How much you download from the Internet varies from month to month, but is fairly consistent over the long term. This total amount of bandwidth may seem like an also-ran when compared to the speed of your connection (remember to regularly check your bandwidth performance with an Internet speed test), or its price, but knowing how much data you transmit and receive can help determine which providers offer the best deals, and which want to charge too much per megabyte; to estimate this data use, you need an Internet bandwidth calculator.
The Vanishing Buffet
Water, electricity, and natural gas are all metered based on actual consumption — the more you use per month, the higher your bill. Internet, however, has typically been an all-you-can-eat affair, allowing users to download and upload as much as they want for a fixed monthly fee. This model posed no problems for providers in the days of dial-up modems and first-generation affordable desktops, but advances in connection speed coupled with the rise of mobile devices has led to massive consumption with an expectation of unlimited use. Smartphone and tablet providers were quick to impose limits on mobile data, which consumers had no choice but to accept in an emerging market. Wired Internet providers, however, have been trying to cap the amount of data per user for years. Some companies have tried opt-in plans that come with lower monthly rates, while others give users willing to pay for higher speed packages larger data caps. Others are simply mandating caps and assessing fees for any overage; in other words, if you plan allows only 10 gigabytes per month and you download 11, expect to pay a premium.
A Quick Test with an Internet bandwidth calculator
To avoid paying more than you should for data, you need to determine how much you use in a typical month. One way to find this number is by recording the size of every file you download or send — this includes emails, emails with attachments, images, videos, songs, and even the data transferred while web surfing. Although possible, most users don’t have time for this kind of detailed study and instead turn to a free Internet bandwidth calculator. Many sites offer this service, allowing you to estimate the number, type, and size of files you send and receive during the month to produce an average result. Some will give an estimated total use in gigabytes, while others will suggest how fast your connection should be to support your needs. If your concern is hitting a provider’s data ceiling, look for a calculator that returns results in amount of data downloaded; faster transfer rates do nothing to lower the cost of data overages.

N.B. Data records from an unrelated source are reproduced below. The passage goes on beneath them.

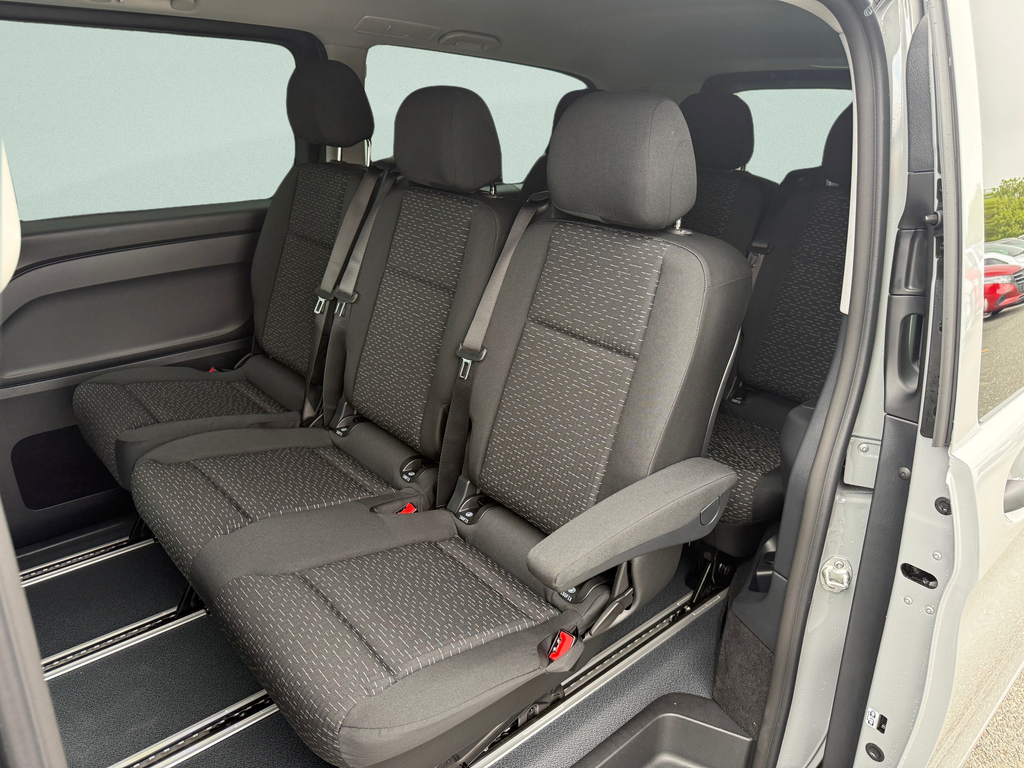 Mercedes-Benz Vito 124 CDI TOURER SELECT XL 4x4 Sklad (foto 9)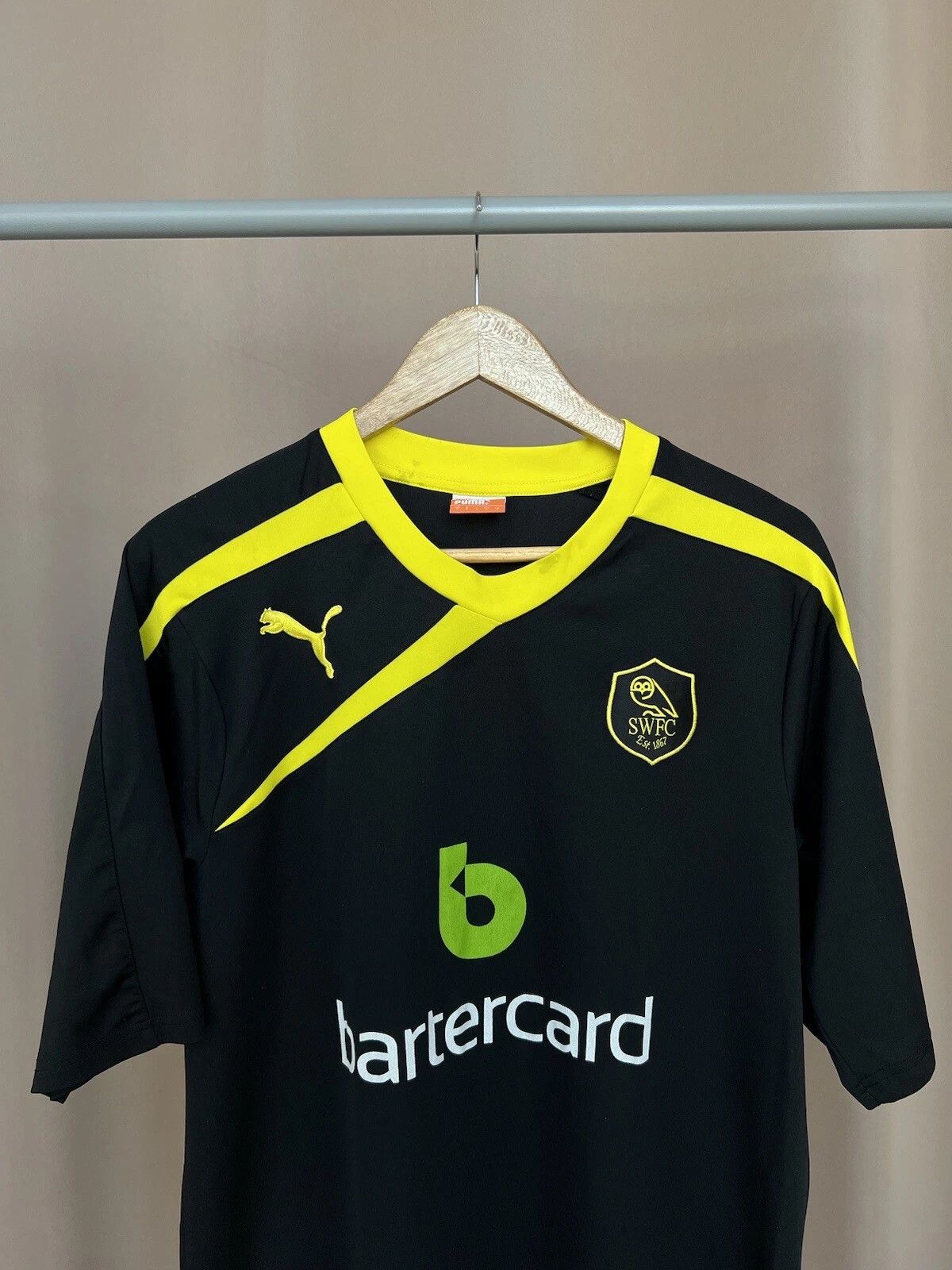 Puma FC Sheffield Wednesday 2013/14 Away Football Shirt Size L Size US L / EU 52-54 / 3 - 2 Thumbnail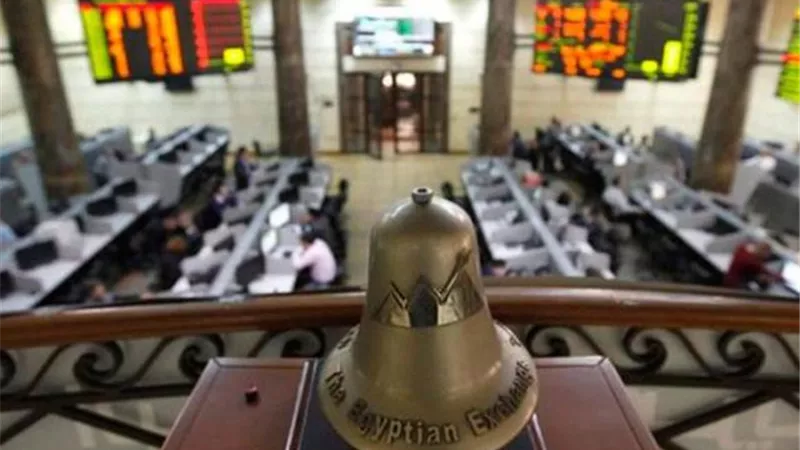 مشتريات المصريين والعرب تدفع مؤشرات البورصة للصعود فى منتصف تعاملات اليوم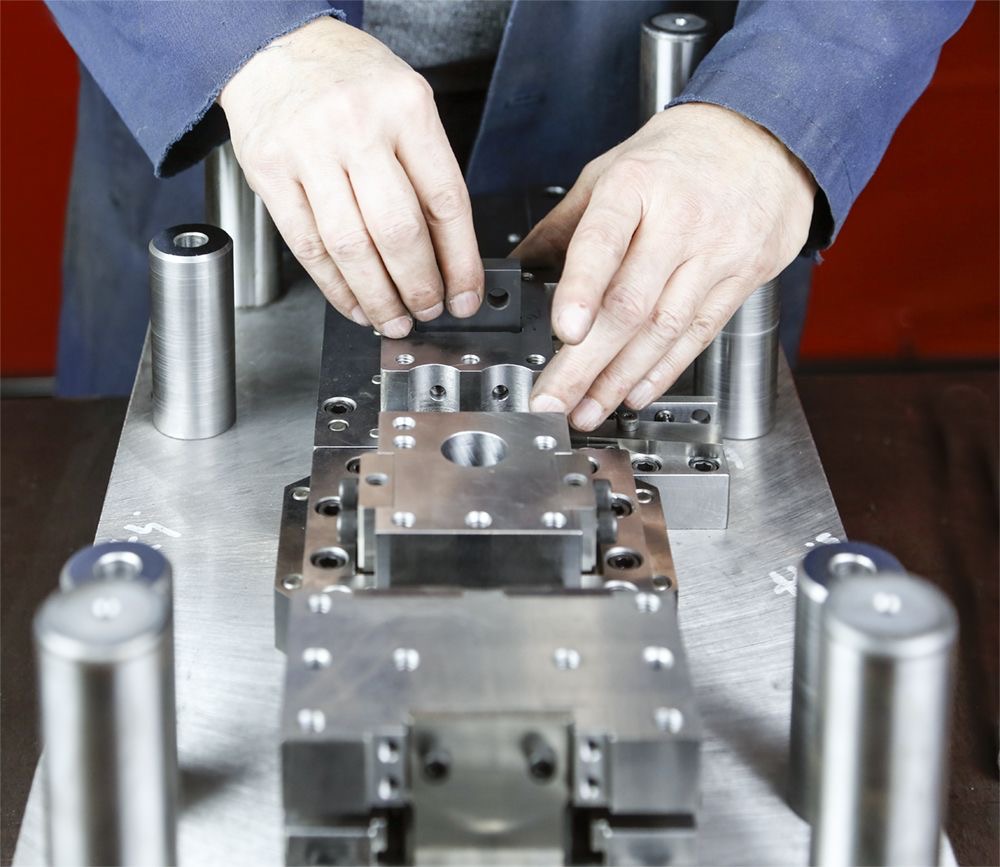 رولینگ هزار خار و دنده پیچ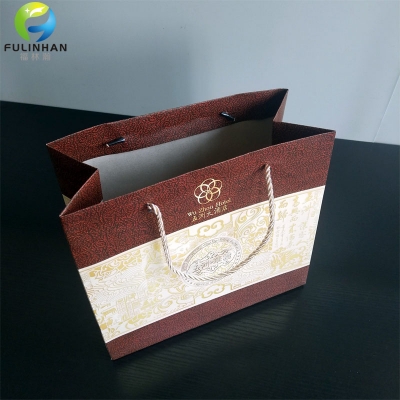 sacchetti regalo hotel in carta personalizzati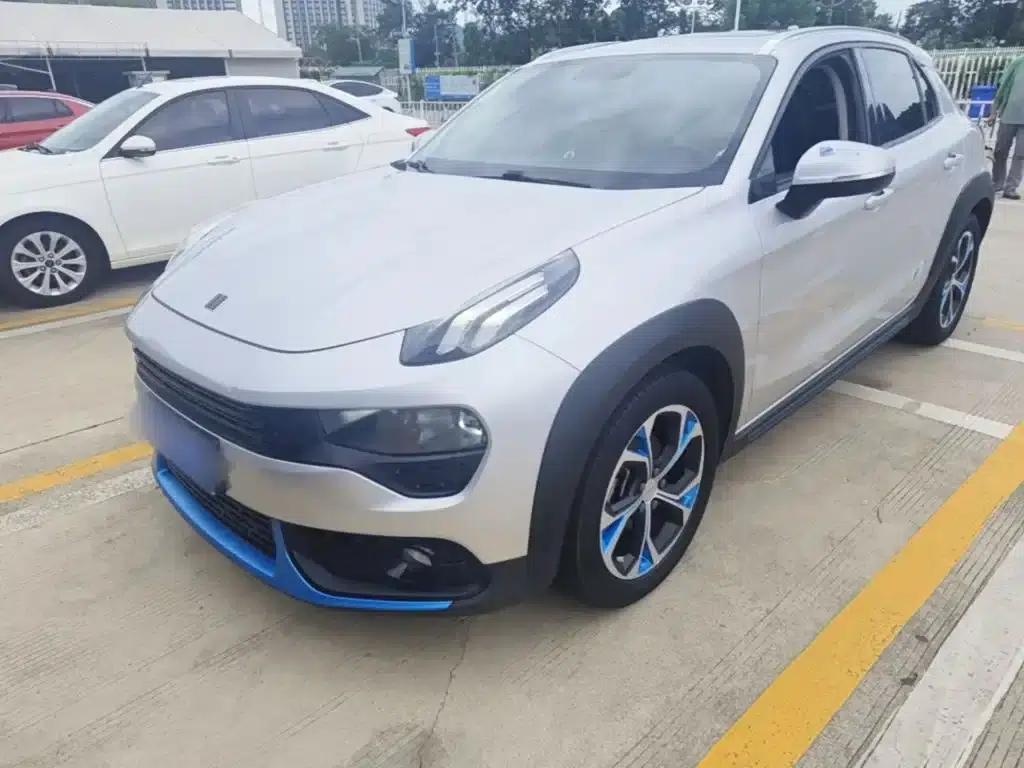 Lynk & Co 02 2019 2.0T Automatic 2WD Funky Music Edition — миниатюра 2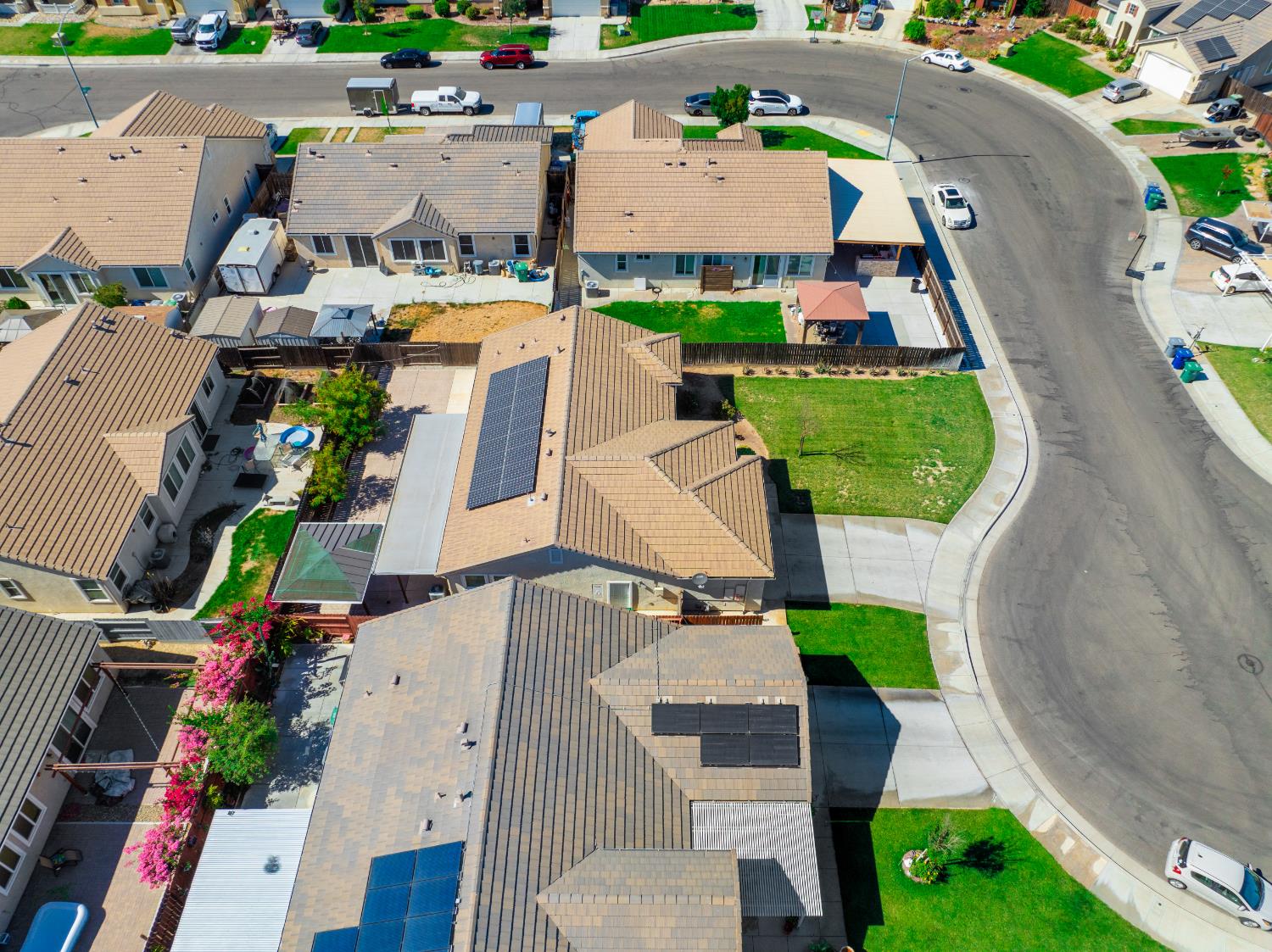 737 Fume Blanc Ct, Los Banos, CA 93635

Not all providers have switched over to hard caps, especially on home network or small business connections, but if you’re not sure always call and ask exactly what your plan covers and how much per gigabyte you’ll be charged for going over. Although a bandwidth calculator can’t give an exact reading on how much you’ve downloaded — or will in the coming months — using this tool is a good way to determine if you need to scale back on your downloads or find a provider that doesn’t limit your use.